• **DATA BELOW**:
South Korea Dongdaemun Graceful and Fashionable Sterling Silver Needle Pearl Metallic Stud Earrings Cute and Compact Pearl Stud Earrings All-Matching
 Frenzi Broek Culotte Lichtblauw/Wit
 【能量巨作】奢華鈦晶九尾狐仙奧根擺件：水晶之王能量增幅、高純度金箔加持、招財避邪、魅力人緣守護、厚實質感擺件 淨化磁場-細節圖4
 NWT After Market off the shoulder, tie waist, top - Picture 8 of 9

• **WORK TO BE COMPLETED**: Return the material above unaltered. Include every line.

• **ANSWER BELOW**:
South Korea Dongdaemun Graceful and Fashionable Sterling Silver Needle Pearl Metallic Stud Earrings Cute and Compact Pearl Stud Earrings All-Matching
 Frenzi Broek Culotte Lichtblauw/Wit
 【能量巨作】奢華鈦晶九尾狐仙奧根擺件：水晶之王能量增幅、高純度金箔加持、招財避邪、魅力人緣守護、厚實質感擺件 淨化磁場-細節圖4
 NWT After Market off the shoulder, tie waist, top - Picture 8 of 9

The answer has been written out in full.